▶ Given data
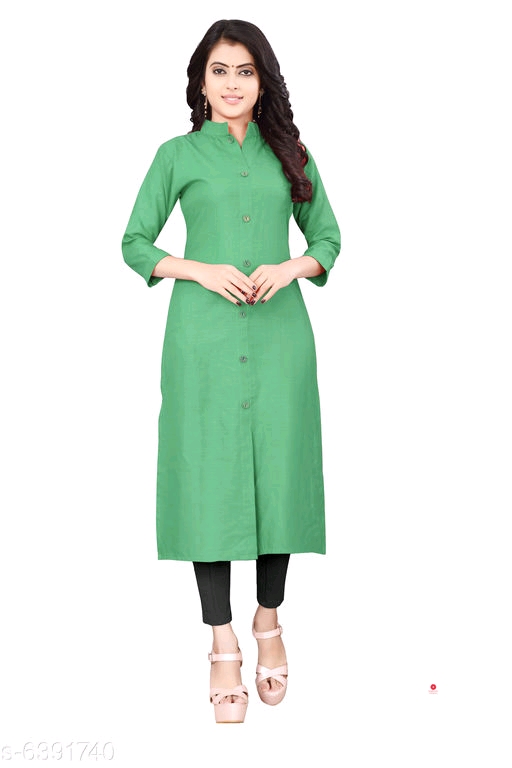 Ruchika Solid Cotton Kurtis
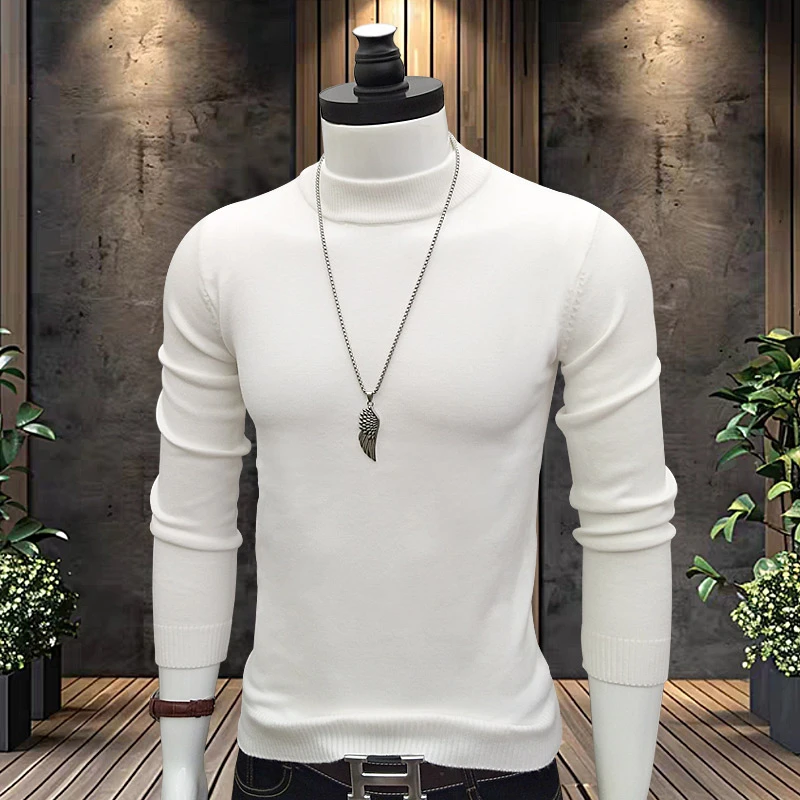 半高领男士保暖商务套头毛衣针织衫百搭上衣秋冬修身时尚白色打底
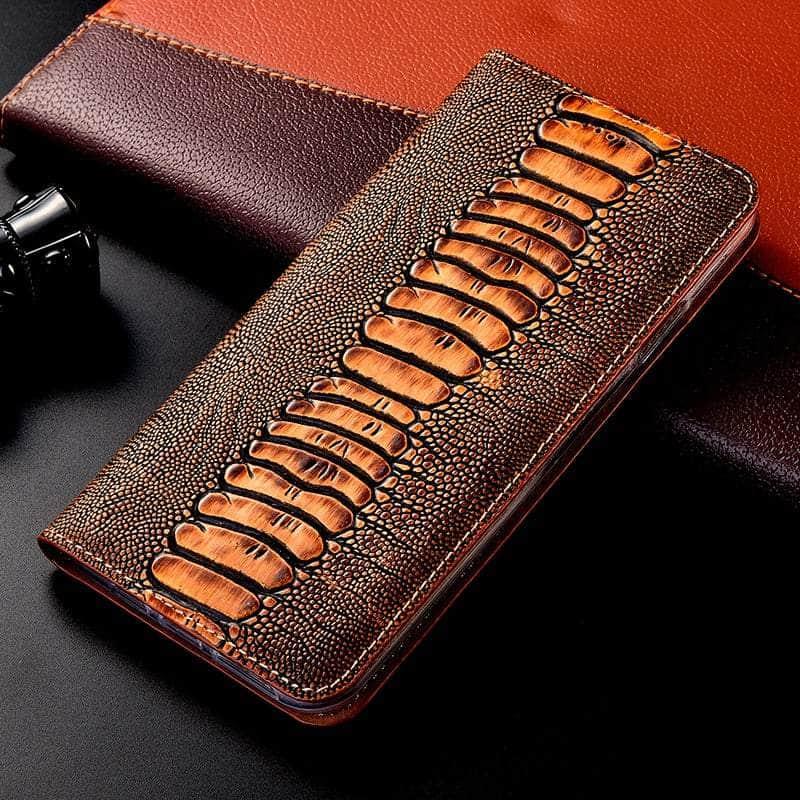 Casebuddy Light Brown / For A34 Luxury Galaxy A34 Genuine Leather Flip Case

▶ What the task requires
An exact copy of every line above, minus the pictures, is the required output.

▶ Result below
 Ruchika Solid Cotton Kurtis
 半高领男士保暖商务套头毛衣针织衫百搭上衣秋冬修身时尚白色打底
 Casebuddy Light Brown / For A34 Luxury Galaxy A34 Genuine Leather Flip Case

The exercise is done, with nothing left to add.